▶ _WHAT IS BEING ASKED_:
Only the lines of the data below from the one with "Прогноз погоды казахстана" through the one with "2021年升庵中學在成都排名多少？" are wanted. Repeat them exactly.

▶ _INPUT_:
^^^^^^^^

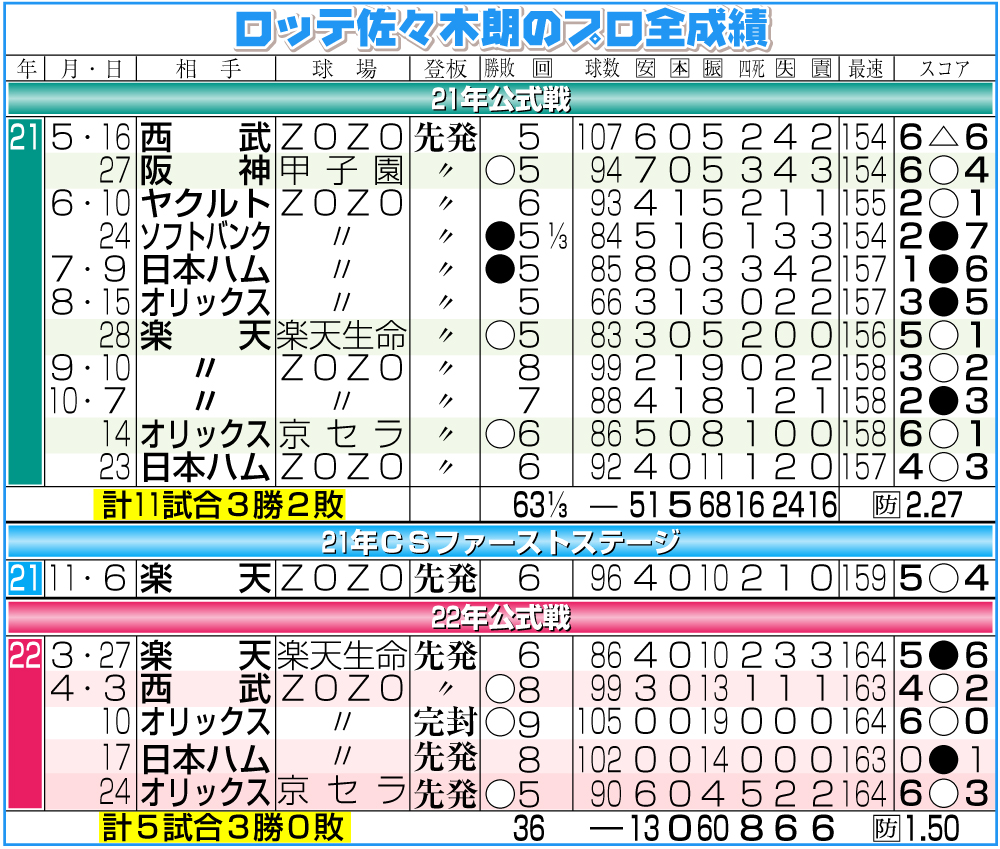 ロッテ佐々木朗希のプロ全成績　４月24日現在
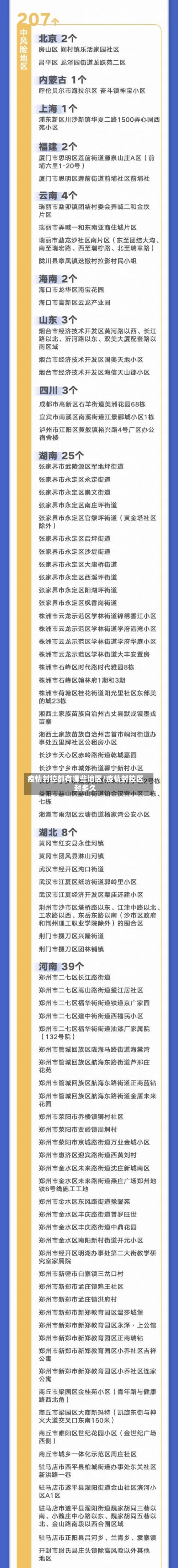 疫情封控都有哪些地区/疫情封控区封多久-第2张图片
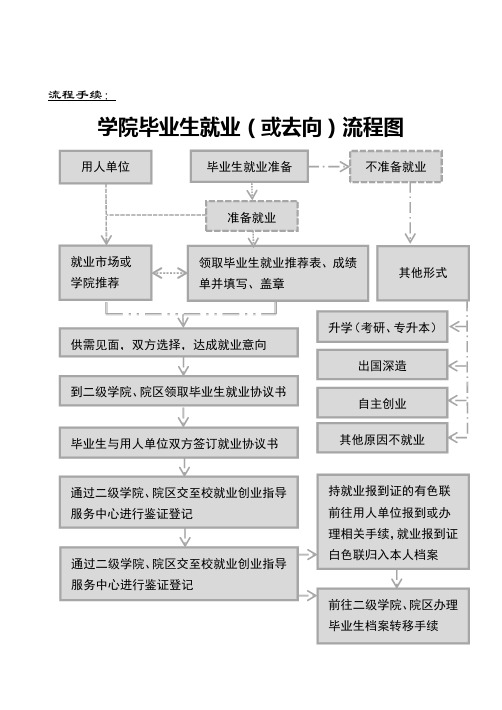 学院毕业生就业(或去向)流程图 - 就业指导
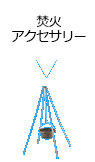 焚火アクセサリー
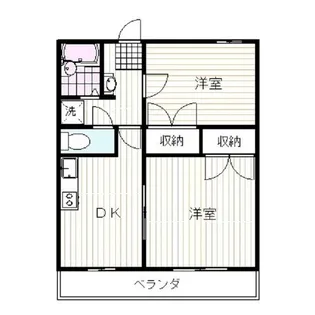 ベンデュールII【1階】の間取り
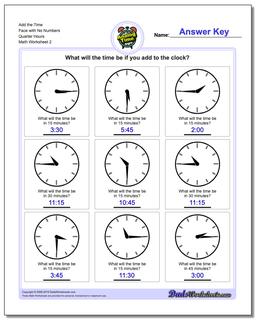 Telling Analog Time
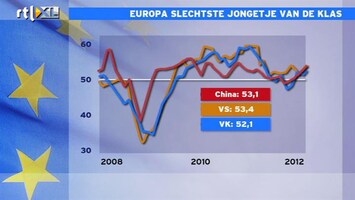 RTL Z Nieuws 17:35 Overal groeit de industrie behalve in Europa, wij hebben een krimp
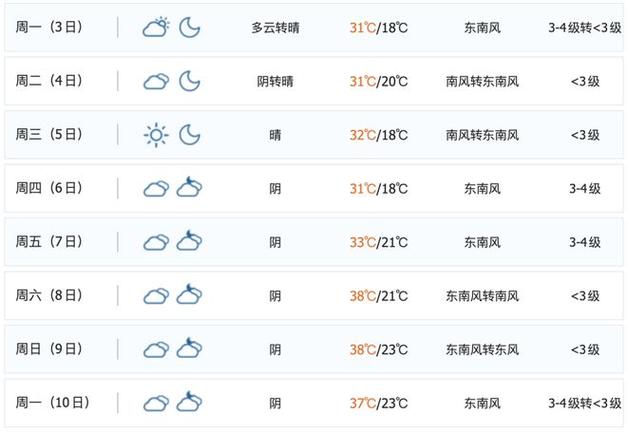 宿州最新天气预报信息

^^^^^^^^

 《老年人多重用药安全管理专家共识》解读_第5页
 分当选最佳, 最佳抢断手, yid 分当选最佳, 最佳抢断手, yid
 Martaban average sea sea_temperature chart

^^^^^^^^

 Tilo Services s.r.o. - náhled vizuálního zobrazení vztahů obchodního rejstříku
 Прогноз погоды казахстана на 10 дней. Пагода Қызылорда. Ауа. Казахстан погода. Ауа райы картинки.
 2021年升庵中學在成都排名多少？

^^^^^^^^

▶ _RESULT_:
 Прогноз погоды казахстана на 10 дней. Пагода Қызылорда. Ауа. Казахстан погода. Ауа райы картинки.
 2021年升庵中學在成都排名多少？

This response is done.